EXERCISE OBJECTIVE |
Nothing outside the lines below from the one containing "Fechadura Tampa Traseira" through the one containing "Oxford Hemd Modell: Oxfor" is to be printed; print those exactly, ends included, and drop the pictures.

RAW DATA |
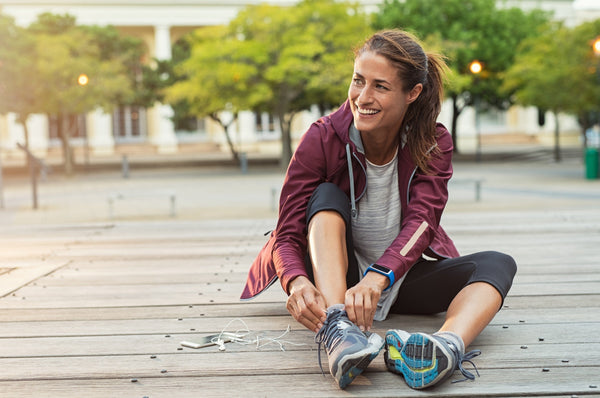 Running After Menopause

---

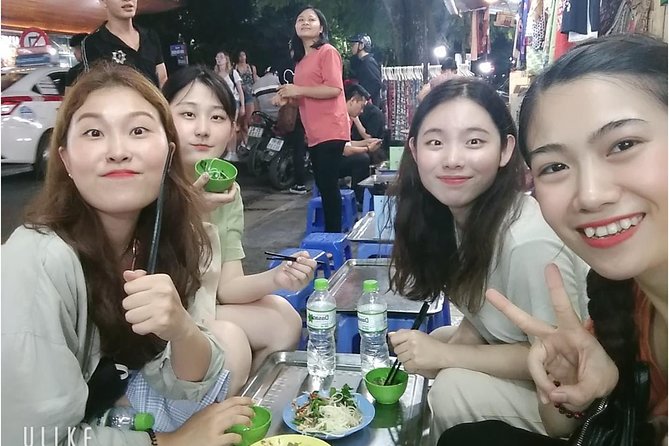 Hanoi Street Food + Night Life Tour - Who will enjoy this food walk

...

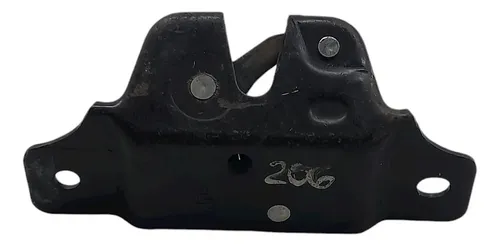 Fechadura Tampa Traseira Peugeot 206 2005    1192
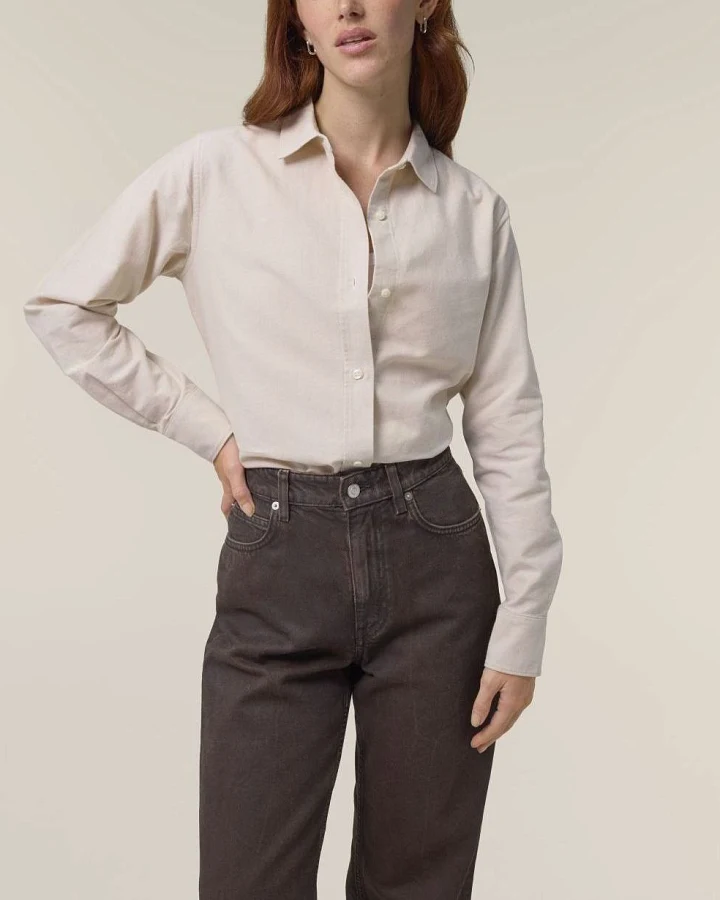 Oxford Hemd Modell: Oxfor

ANSWER BELOW |
 Fechadura Tampa Traseira Peugeot 206 2005    1192
 Oxford Hemd Modell: Oxfor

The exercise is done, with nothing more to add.